1 from functools import lru_cache, reduce
2
3 class Solution:
4     def findCelebrity(self, n: int) -> int:
5         g = lru_cache(None)(knows)
6         c = reduce(lambda a, b: (a, b)[g(a, b)], range(1, n), 0)
7         return (-1, c)[all(c == j or (g(j, c) and not g(c, j)) for j in range(n))]


## Faster than 95% of Python solutions

Now i know what you're thinking: "this is codegolf!" but given it runs faster than 95% of python solutions, and that some Python devs do actually use the functional tools... Ok.. it's codegolf.. but let's take a look anyway.

## Caching

1 g = lru_cache(None)(knows)


A decorator is really just a function that takes another function as an argument, so why bother creating yet another wrapper function; might as well use lru_cache to wrap knows directly. This is good for speed.

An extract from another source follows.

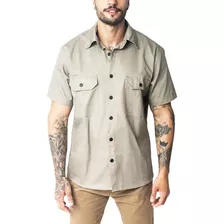 Camisa Workshirt Kaki Sem Estampa Mecânico / Barbeiro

## Candidate Celebrity Hopping

1 c = reduce(lambda a, b: (a, b)[g(a, b)], range(1, n), 0)


This is our candidate search. The main logic is to make b our candidate if they're known, else stick with a. functools.reduce with a ternary handles this logic beautifully.

## Celebrity Confirmation

1 return (-1, c)[all(c == j or (g(j, c) and not g(c, j)) for j in range(n))]


Our final step is making sure our candidate is indeed a celebrity. This is easily done with all handling the simple logic of being known to all, but knowing no-one.